→ DATA PROVIDED
------------------------------------------------------------

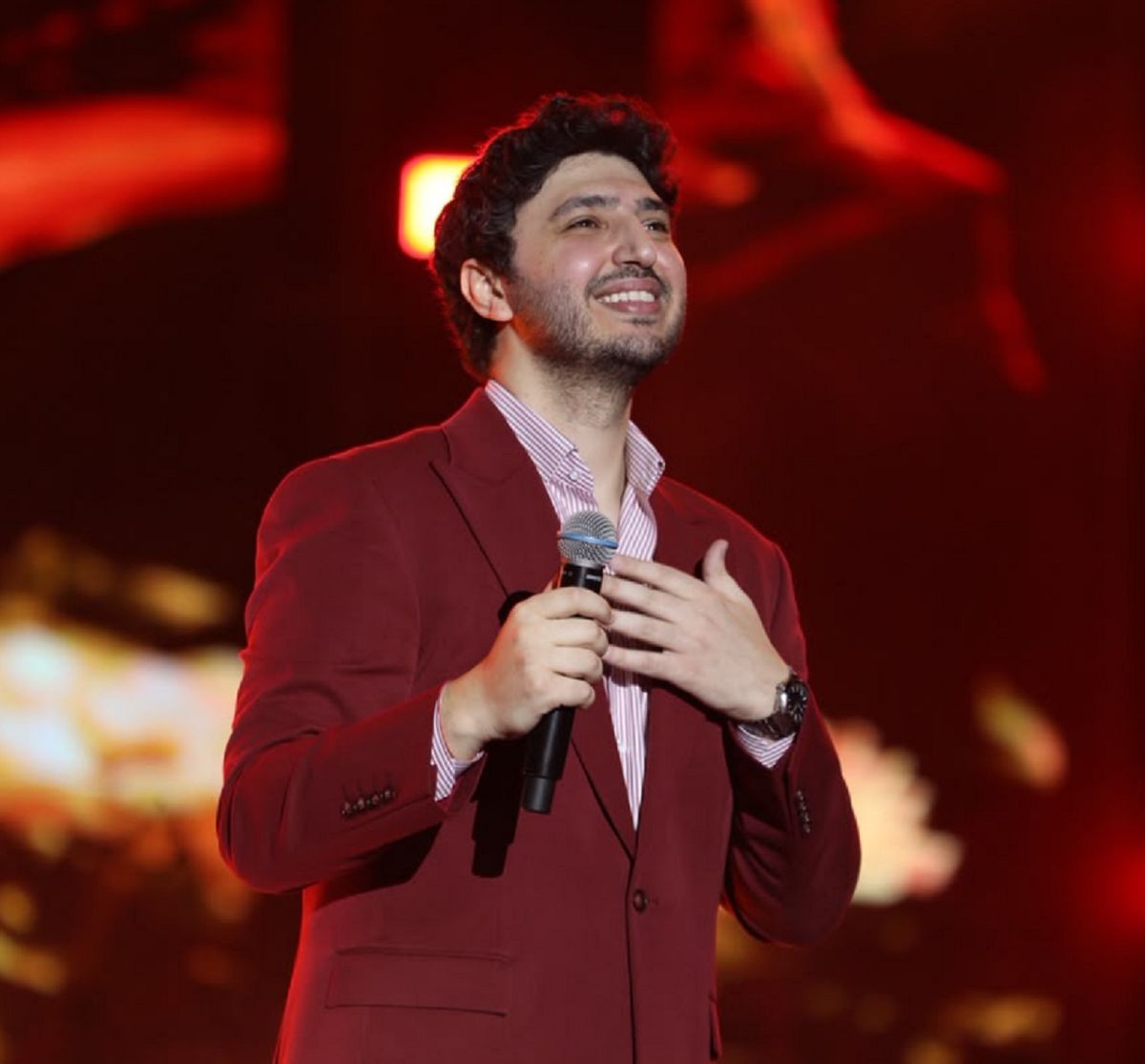 تفاعل جماهيري مع أغاني فضل شاكر بصوت نجله محمد والشامي يشعل الحفل (فيديو وصور)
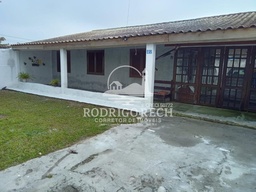 Casa de 3 quartos, no bairro shangrila, em Pontal do Paraná | Eu Corretor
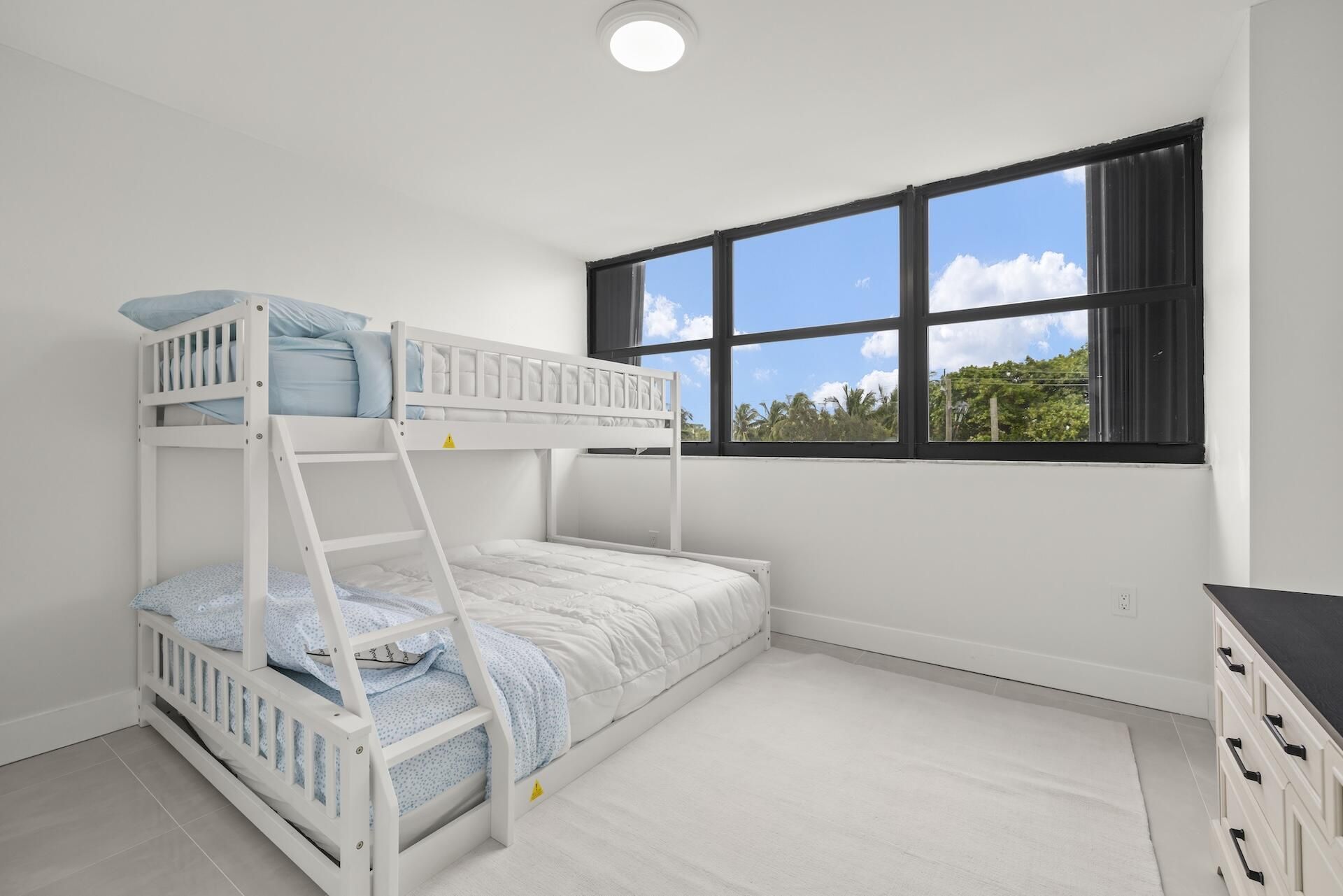 5600 N Flagler Drive, Unit 207, West Palm Beach, FL 33407 Photo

------------------------------------------------------------

→ TO DO
Leave the images out. Set down all of the material above exactly.

→ RESULT FOR THIS EXERCISE
 تفاعل جماهيري مع أغاني فضل شاكر بصوت نجله محمد والشامي يشعل الحفل (فيديو وصور)
 Casa de 3 quartos, no bairro shangrila, em Pontal do Paraná | Eu Corretor
 5600 N Flagler Drive, Unit 207, West Palm Beach, FL 33407 Photo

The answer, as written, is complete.